Building a simple neural network in PyTorch
We will now walk through building a neural network from scratch in PyTorch. Here, we have a small .csv file containing several examples of images from the MNIST dataset. The MNIST dataset consists of a collection of hand-drawn digits between 0 and 9 that we want to attempt to classify. The following is an example from the MNIST dataset, consisting of a hand-drawn digit 1:
These images are 28x28 in size: 784 pixels in total. Our dataset in train.csv consists of 1,000 of these images, with each consisting of 784 pixel values, as well as the correct classification of the digit (in this case, 1).
Loading the data
We will begin by loading the data, as follows:
- First, we need to load our training dataset, as follows:
train = pd.read_csv("train.csv")
train_labels = train['label'].values
train = train.drop("label",axis=1).values.reshape(len(train),1,28,28)
Notice that we reshaped our input to (1, 1, 28, 28), which is a tensor of 1,000 images, each consisting of 28x28 pixels.
- Next, we convert our training data and training labels into PyTorch tensors so they can be fed into the neural network:
X = torch.Tensor(train.astype(float))
y = torch.Tensor(train_labels).long()
Note the data types of these two tensors. A float tensor comprises 32-bit floating-point numbers, while a long tensor consists of 64-bit integers. Our X features must be floats in order for PyTorch to be able to compute gradients, while our labels must be integers within this classification model (as we're trying to predict values of 1, 2, 3, and so on), so a prediction of 1.5 wouldn't make sense.
Building the classifier
Next, we can start to construct our actual neural network classifier:
class MNISTClassifier(nn.Module):
def __init__(self):
super().__init__()
self.fc1 = nn.Linear(784, 392)
self.fc2 = nn.Linear(392, 196)
self.fc3 = nn.Linear(196, 98)
self.fc4 = nn.Linear(98, 10)
We build our classifier as if we were building a normal class in Python, inheriting from nn.Module in PyTorch. Within our init method, we define each of the layers of our neural network. Here, we define fully connected linear layers of varying sizes.

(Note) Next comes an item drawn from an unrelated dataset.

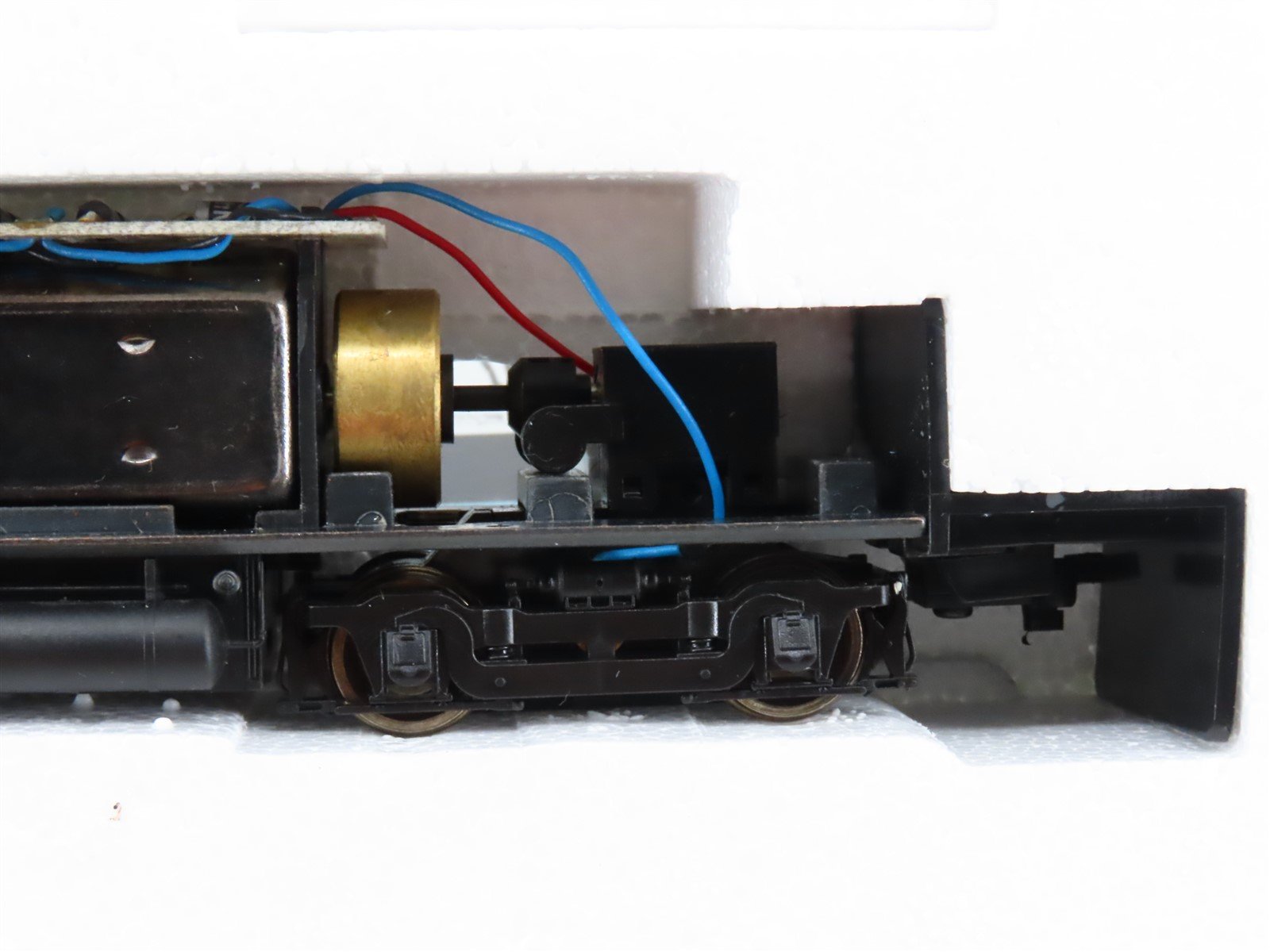 HO Scale Proto 2000 8904 PRR Pennsylvania SW9/1200 Diesel Loco #8529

Our first layer takes 784 inputs as this is the size of each of our images to classify (28x28). We then see that the output of one layer must have the same value as the input of the next one, which means our first fully connected layer outputs 392 units and our second layer takes 392 units as input. This is repeated for each layer, with them having half the number of units each time until we reach our final fully connected layer, which outputs 10 units. This is the length of our classification layer.
Our network now looks something like this:
Here, we can see that our final layer outputs 10 units. This is because we wish to predict whether each image is a digit between 0 and 9, which is 10 different possible classifications in total. Our output is a vector of length 10 and contains predictions for each of the 10 possible values of the image. When making a final classification, we take the digit classification that has the highest value as the model's final prediction. For example, for a given prediction, our model might predict the image is type 1 with a probability of 10%, type 2 with a probability of 10%, and type 3 with a probability of 80%. We would, therefore, take type 3 as the prediction as it was predicted with the highest probability.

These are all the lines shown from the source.